Dataset entries -
┄┄┄┄┄┄┄┄┄┄

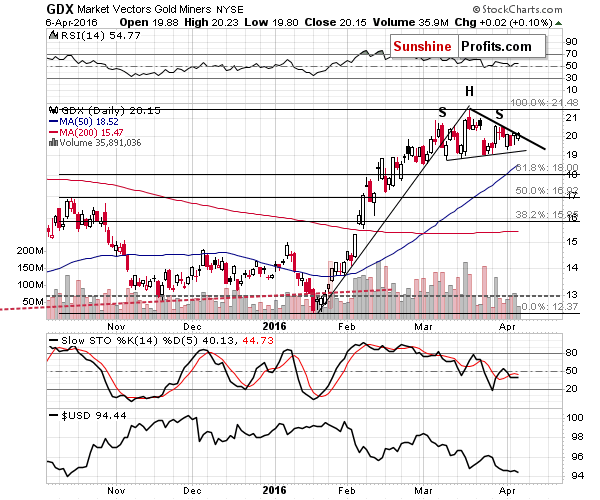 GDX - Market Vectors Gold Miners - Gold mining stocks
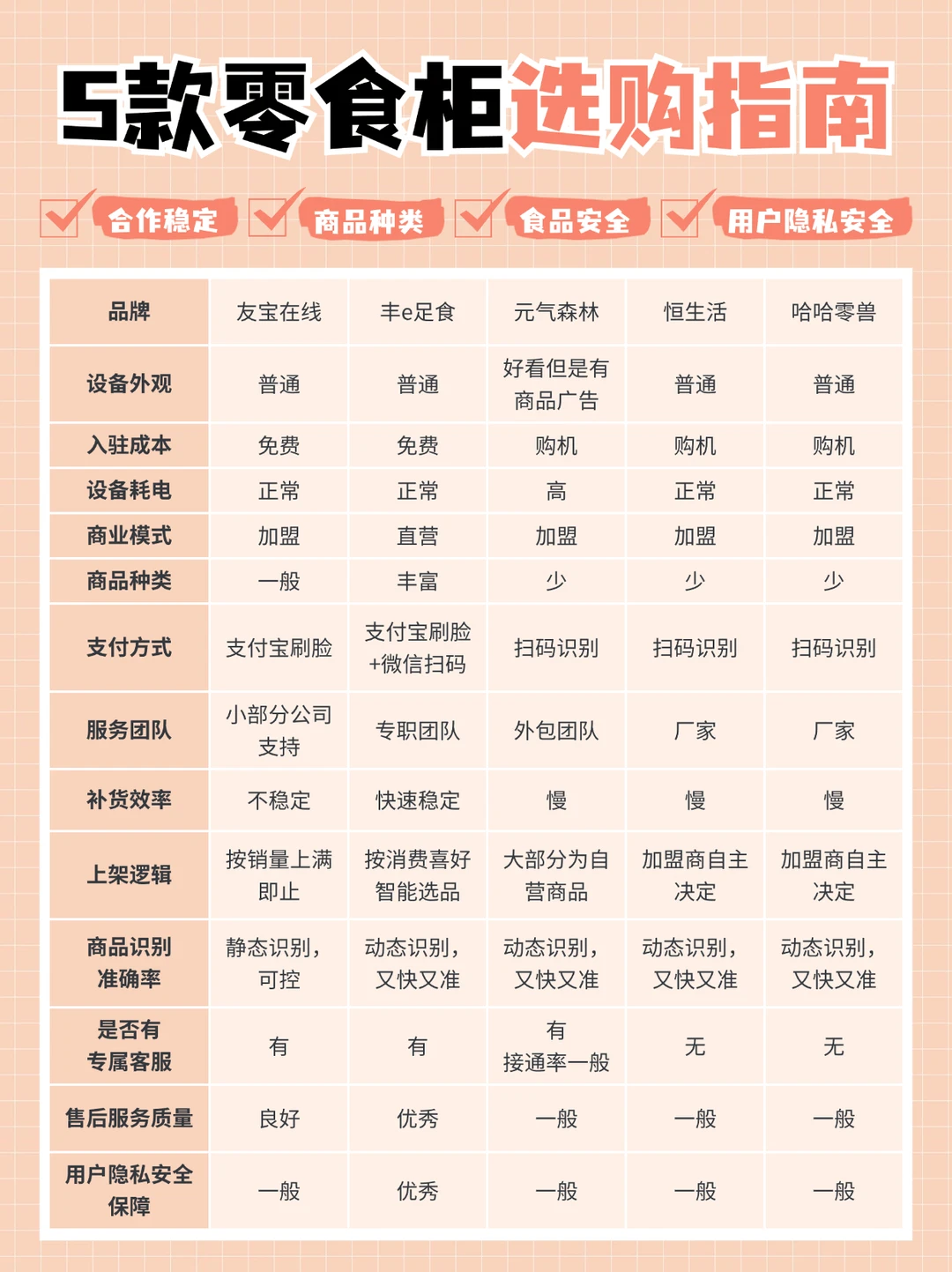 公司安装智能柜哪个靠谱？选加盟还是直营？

┄┄┄┄┄┄┄┄┄┄

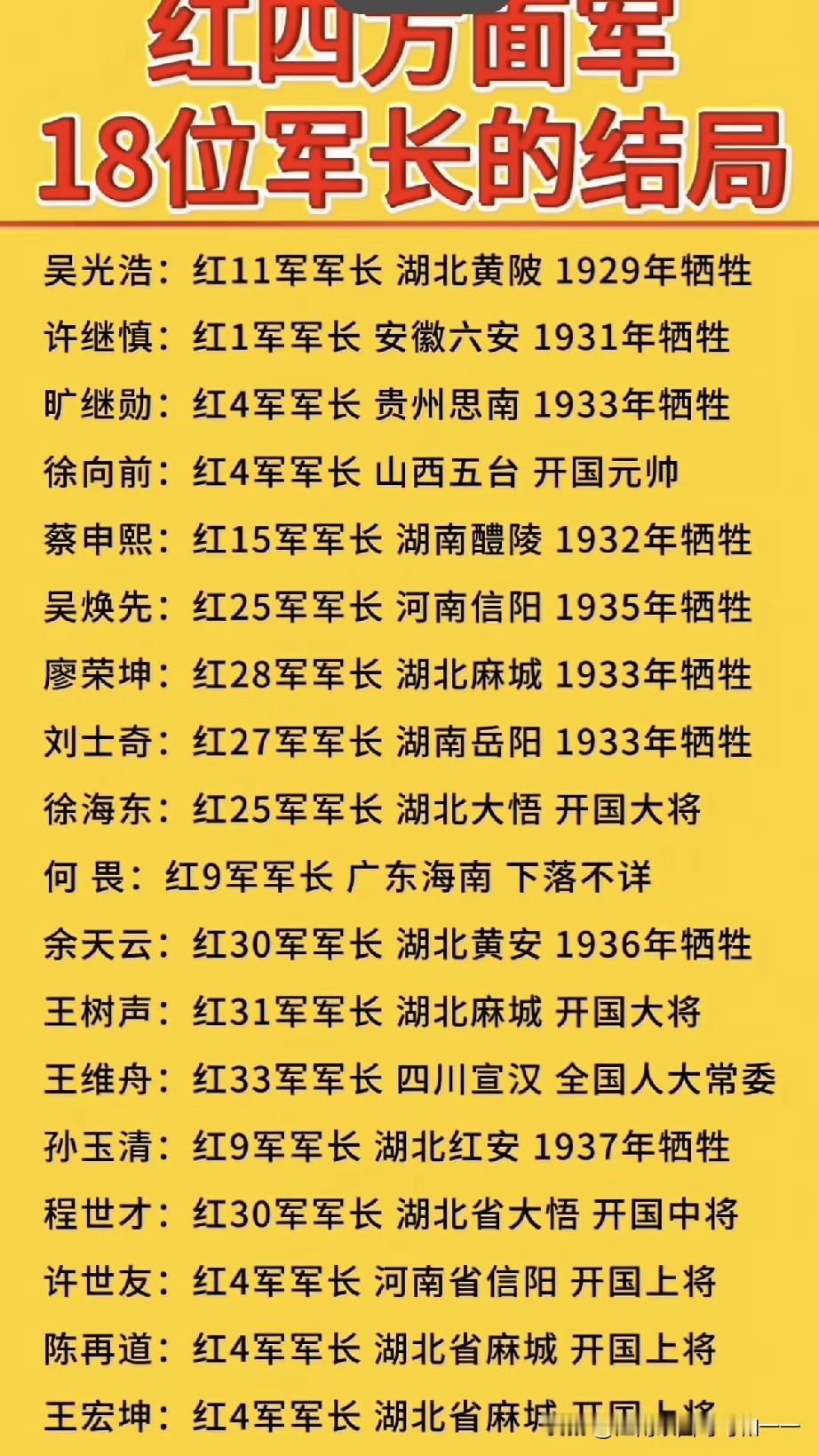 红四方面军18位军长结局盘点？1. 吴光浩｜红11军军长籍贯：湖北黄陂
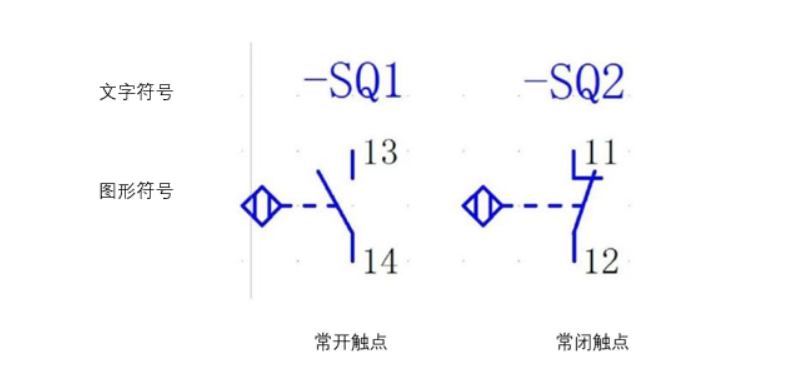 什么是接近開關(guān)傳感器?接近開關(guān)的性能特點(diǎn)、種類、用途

┄┄┄┄┄┄┄┄┄┄

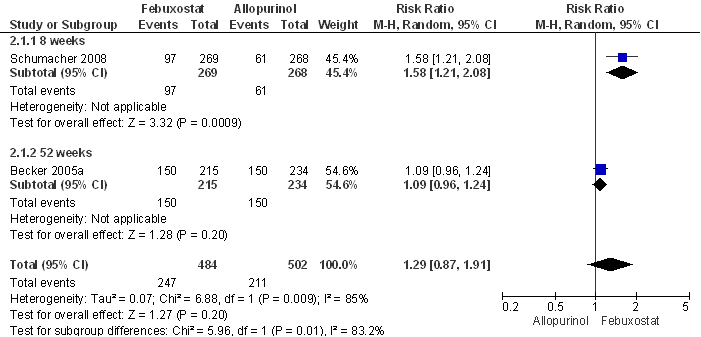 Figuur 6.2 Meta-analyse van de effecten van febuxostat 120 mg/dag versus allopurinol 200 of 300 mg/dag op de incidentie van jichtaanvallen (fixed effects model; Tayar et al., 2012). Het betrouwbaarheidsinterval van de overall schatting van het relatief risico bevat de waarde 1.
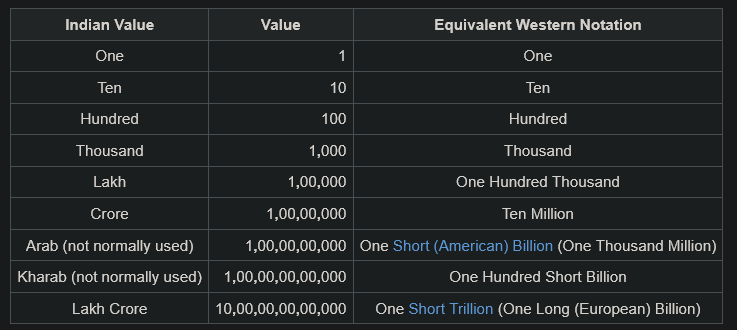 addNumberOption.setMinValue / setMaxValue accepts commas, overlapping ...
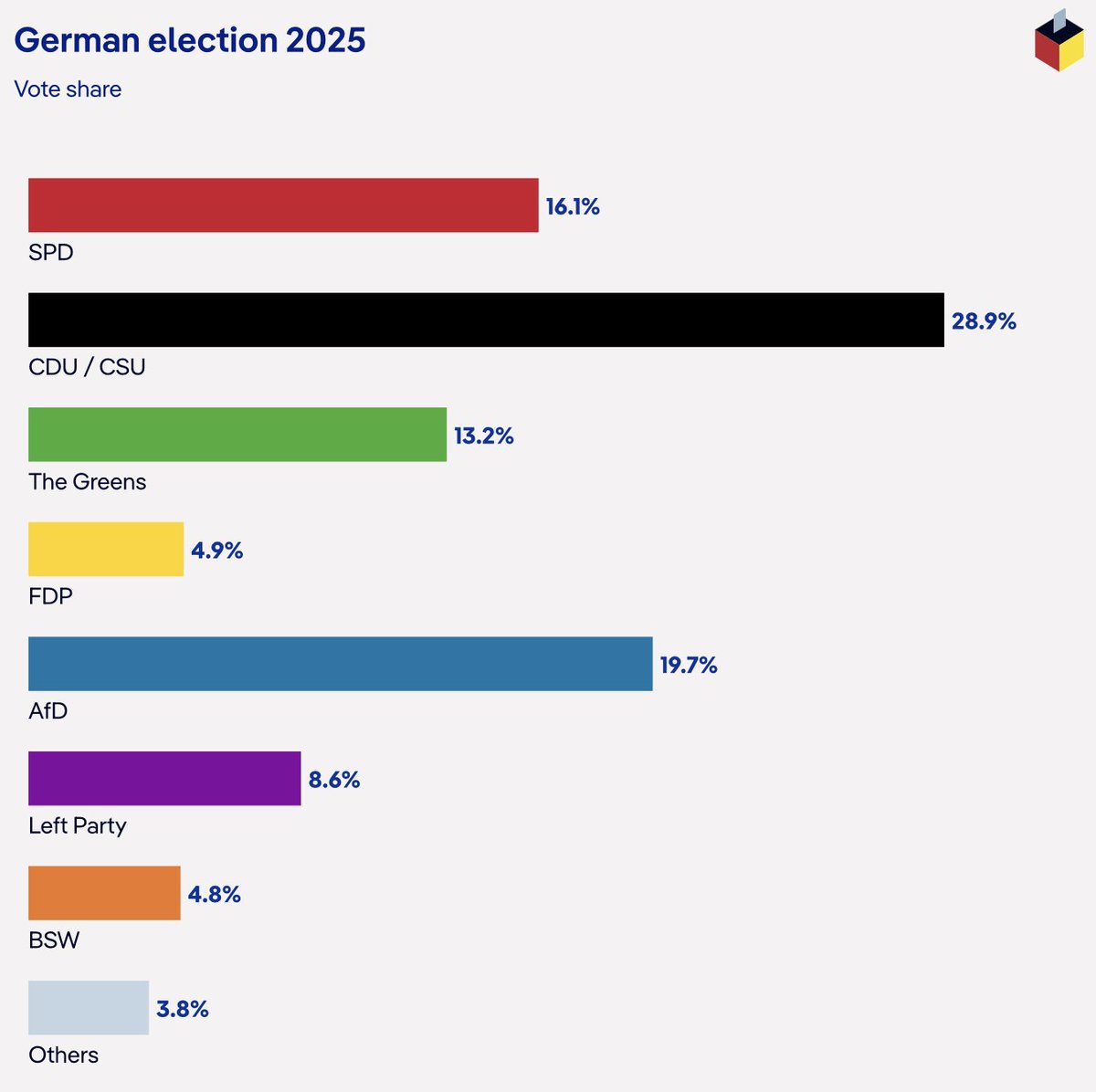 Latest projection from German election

┄┄┄┄┄┄┄┄┄┄

What to do -
Above are entries with pictures among them. Write out exactly the lines from the one containing "红四方面军18位军长结局盘点？1. 吴光浩｜红11军军长籍贯：湖北黄陂" through the one containing "什么是接近開關(guān)傳", ends included, and leave those pictures out.

Task response -
 红四方面军18位军长结局盘点？1. 吴光浩｜红11军军长籍贯：湖北黄陂
 什么是接近開關(guān)傳感器?接近開關(guān)的性能特點(diǎn)、種類、用途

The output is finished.